Transient absorption spectra were recorded using a home-made laser flash photolysis equipment. A Spectron SL400 Nd:YAG laser (532 nm, ~18 ns pulse width) was used as an excitation source. The laser beam was defocused to cover all the path length (10 mm) of the analyzing beam from a 150 W Xe lamp. The detection system comprised a monochromator (Photon Technology International) coupled to a photomultiplier tube (Hamamatsu R666). The signal, acquired by a digitizing scope (Hewlett-Packard 54504), was averaged and then transferred to a computer. Solutions were purged with argon to reduce molecular oxygen concentration. Films were fixed to a glass support and placed in a front surface with respect to the excitation laser beam.

Photooxidation assays of hydrocarbons were conducted by selectively irradiating the dyes with two green LEDs ([[lambda].sub.center-emission] ~510 nm, FWHM ~45 nm, optical power ~6 mW per LED) and simultaneously monitoring the decrease in absorbance of DMA as function of time. Absorption spectra were automatically collected at constant time intervals using a UV-Vis spectrophotometer (HP 8452A, Hewlett-Packard) equipped with a kinetic software module. Kinetic traces were constructed by plotting the absorption at indicated wavelengths (corresponding to absorption maxima of DMA) as a function of LED irradiation time and correcting these values by variations in lamp intensity over time as monitored in a region where the sample does not absorb (750-800 nm). Special care was taken to avoid obstruction of the spectrophotometer optical path by the film.

3. Results and Discussion

3.1. Photophysical Characterization. The absorption ([[lambda].sup.max.sub.A]) and emission maxima ([[lambda].sup.max.sub.E]) of Eo, RB, and its derivatives measured in ACN, DMSO, and THF and in the SSO films are summarized in Table 1. The results shown that the absorption and emission maxima of the dyes incorporated into the SSO films are similar to those observed in fluid media. No differences were observed for the excitation spectra of the dyes in the solution or those incorporated into the SSO film, with respect to their correspondent absorption spectra.

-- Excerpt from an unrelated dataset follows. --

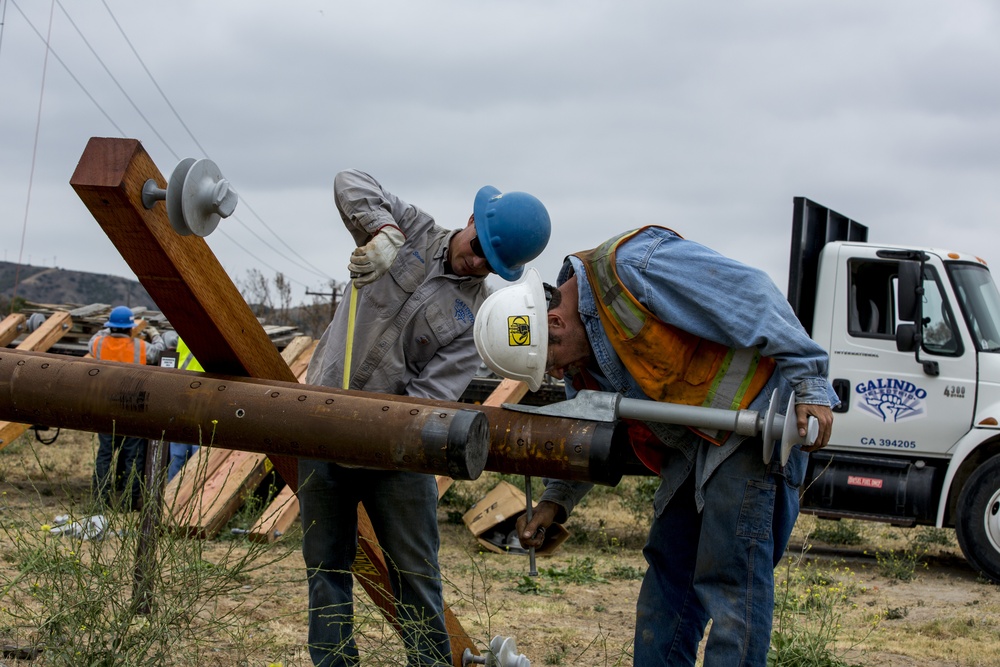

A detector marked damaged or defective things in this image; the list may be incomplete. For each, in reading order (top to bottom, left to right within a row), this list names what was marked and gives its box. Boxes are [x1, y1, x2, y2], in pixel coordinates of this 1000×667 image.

rusty metal pole [0, 350, 624, 486]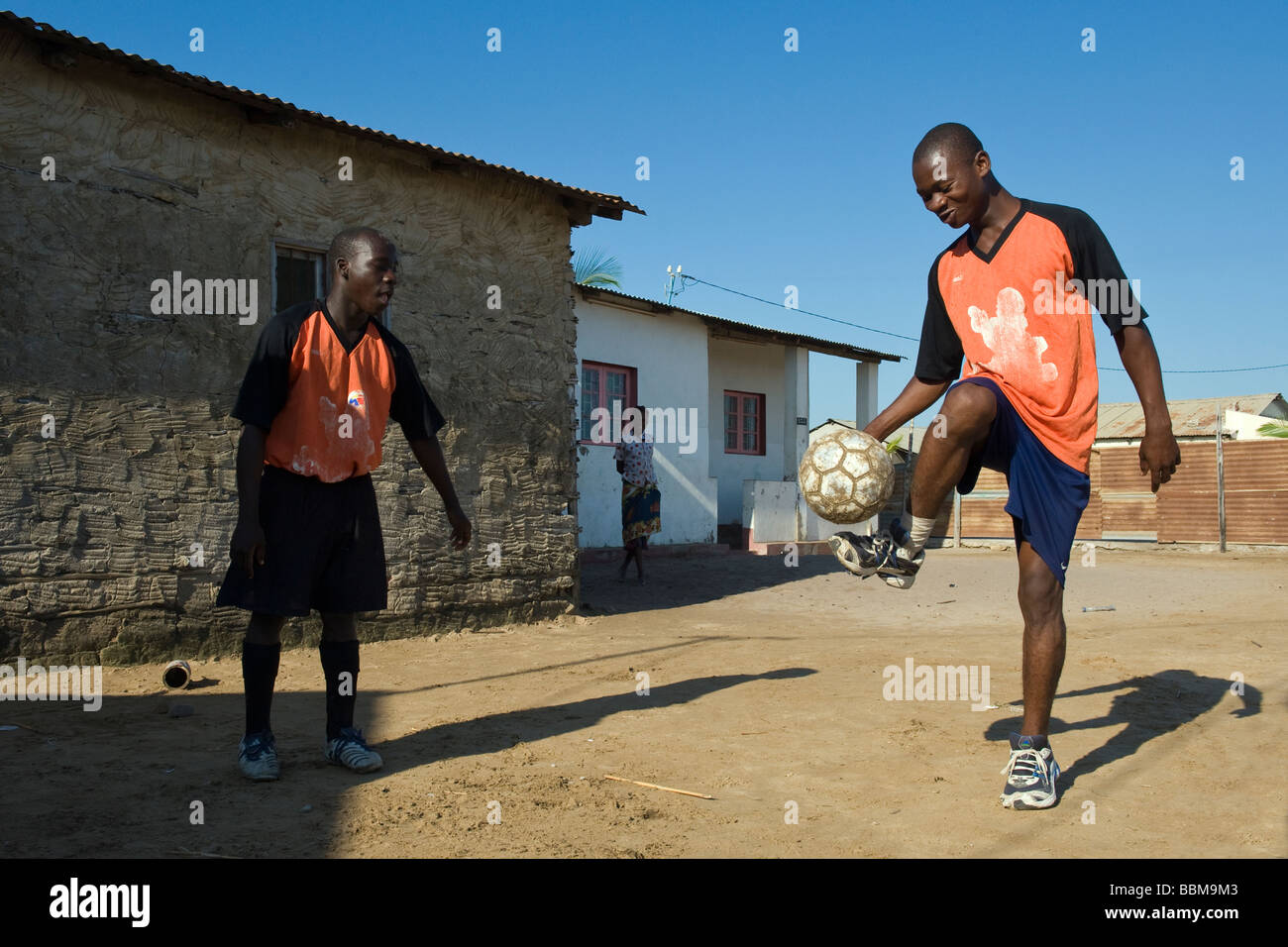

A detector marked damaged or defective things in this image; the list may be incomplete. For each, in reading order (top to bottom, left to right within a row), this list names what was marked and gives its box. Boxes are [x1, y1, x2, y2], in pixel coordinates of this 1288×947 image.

rusty roof edge [0, 10, 644, 220]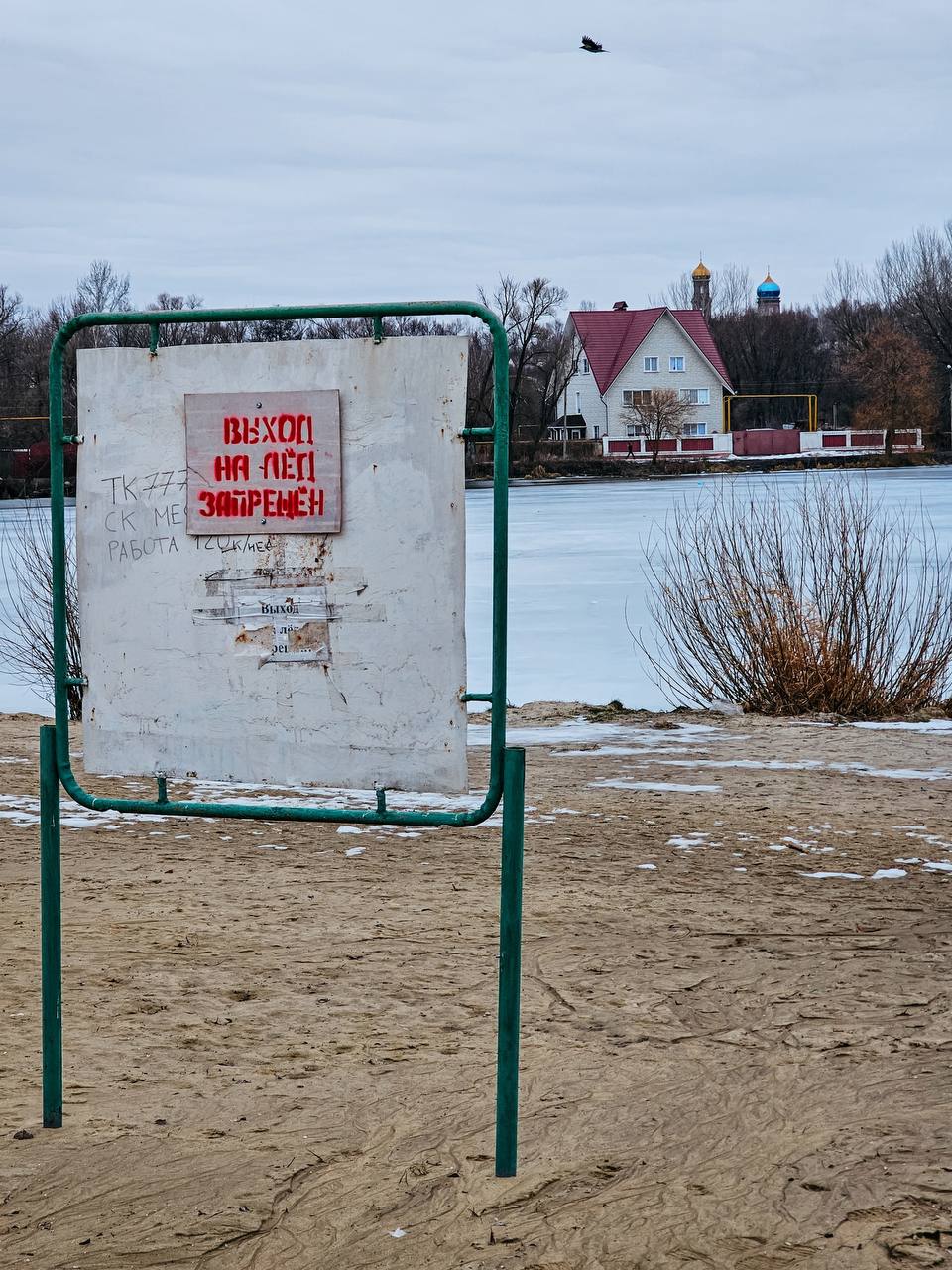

Figure 3 shows the absorption and emission spectra of the neat SSO film and RB and EoY in the SSO films. Emission spectra were taken with excitation at 520, 490, and 350 nm for RB, EoY, and neat SSO, respectively.

The emission spectra of all hybrid materials doped with the xanthenic dyes are shown in Figure 4. As can be seen in the figure, the emission spectra are consistent with those of the dyes in the solution. This indicates that the photophysical properties of the dyes remain unchanged when incorporated into the SSO matrix. The Stokes shifts calculated for the dyes in THF are very similar to those calculated in the SSO matrices (Table 1) suggesting analogous microenvironment interactions in both media.

As reported previously, the SSO matrix displays an emission band between 300 and 400 nm, in which maximum depends on the excitation wavelength [29]. As shown in Figure 4, the emission of the dye-doped films is bathochromically shifted relative to that of the neat films. The presence of the dyes in the films allows excitation with light of lower energies and to obtain emission at longer wavelengths.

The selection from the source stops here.